» **Data under study**

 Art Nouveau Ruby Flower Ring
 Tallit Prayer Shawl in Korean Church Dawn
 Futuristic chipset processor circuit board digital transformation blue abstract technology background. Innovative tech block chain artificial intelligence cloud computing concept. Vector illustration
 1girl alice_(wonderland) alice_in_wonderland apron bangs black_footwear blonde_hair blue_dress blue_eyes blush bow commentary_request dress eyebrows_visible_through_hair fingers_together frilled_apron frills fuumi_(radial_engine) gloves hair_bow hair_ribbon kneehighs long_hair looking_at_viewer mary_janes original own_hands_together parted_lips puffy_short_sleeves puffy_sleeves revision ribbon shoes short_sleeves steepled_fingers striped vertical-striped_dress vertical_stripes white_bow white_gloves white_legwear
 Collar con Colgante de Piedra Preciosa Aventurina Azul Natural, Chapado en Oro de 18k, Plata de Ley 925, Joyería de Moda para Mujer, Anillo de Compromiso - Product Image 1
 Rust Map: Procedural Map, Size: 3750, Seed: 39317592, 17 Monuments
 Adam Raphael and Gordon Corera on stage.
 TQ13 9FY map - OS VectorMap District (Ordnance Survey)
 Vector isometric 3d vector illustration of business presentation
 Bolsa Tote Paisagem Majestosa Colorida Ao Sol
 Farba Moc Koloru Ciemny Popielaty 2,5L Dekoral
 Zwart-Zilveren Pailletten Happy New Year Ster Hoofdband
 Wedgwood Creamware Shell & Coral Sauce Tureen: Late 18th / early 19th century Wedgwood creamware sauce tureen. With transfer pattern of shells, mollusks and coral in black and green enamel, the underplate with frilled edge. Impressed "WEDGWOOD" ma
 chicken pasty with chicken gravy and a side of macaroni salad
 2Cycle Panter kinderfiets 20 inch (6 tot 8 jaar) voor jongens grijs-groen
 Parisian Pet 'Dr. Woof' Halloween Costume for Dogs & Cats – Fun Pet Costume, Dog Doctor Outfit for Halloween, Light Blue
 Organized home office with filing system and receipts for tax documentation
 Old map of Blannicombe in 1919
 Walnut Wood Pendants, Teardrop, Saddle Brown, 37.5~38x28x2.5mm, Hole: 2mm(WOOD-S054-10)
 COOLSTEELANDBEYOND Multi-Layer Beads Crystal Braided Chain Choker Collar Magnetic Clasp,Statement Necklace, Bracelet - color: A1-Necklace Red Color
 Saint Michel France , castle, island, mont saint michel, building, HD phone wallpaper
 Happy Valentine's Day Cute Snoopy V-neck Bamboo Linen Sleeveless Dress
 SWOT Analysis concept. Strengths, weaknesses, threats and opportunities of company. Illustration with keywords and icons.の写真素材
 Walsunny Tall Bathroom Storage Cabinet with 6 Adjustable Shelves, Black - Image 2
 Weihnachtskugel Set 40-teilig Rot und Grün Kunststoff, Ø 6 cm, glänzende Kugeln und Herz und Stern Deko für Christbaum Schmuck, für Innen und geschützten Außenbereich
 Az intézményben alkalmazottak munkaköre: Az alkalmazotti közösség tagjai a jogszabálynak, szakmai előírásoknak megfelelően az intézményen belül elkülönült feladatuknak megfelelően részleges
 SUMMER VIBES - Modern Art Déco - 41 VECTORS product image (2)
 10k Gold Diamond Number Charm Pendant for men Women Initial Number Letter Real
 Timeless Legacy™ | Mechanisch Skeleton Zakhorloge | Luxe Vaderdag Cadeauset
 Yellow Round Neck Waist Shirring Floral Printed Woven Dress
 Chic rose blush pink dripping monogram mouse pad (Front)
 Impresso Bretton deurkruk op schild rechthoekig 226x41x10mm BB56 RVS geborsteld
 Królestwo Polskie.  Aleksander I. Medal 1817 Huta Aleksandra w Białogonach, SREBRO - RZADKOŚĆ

» **Prompt**
Using the entries above, output exactly the lines between the line holding "COOLSTEELANDBEYOND Multi-Layer Beads" and the line holding "Weihnachtskugel Set 40-teilig", end lines included, and nothing more.

» **Exercise output**
 COOLSTEELANDBEYOND Multi-Layer Beads Crystal Braided Chain Choker Collar Magnetic Clasp,Statement Necklace, Bracelet - color: A1-Necklace Red Color
 Saint Michel France , castle, island, mont saint michel, building, HD phone wallpaper
 Happy Valentine's Day Cute Snoopy V-neck Bamboo Linen Sleeveless Dress
 SWOT Analysis concept. Strengths, weaknesses, threats and opportunities of company. Illustration with keywords and icons.の写真素材
 Walsunny Tall Bathroom Storage Cabinet with 6 Adjustable Shelves, Black - Image 2
 Weihnachtskugel Set 40-teilig Rot und Grün Kunststoff, Ø 6 cm, glänzende Kugeln und Herz und Stern Deko für Christbaum Schmuck, für Innen und geschützten Außenbereich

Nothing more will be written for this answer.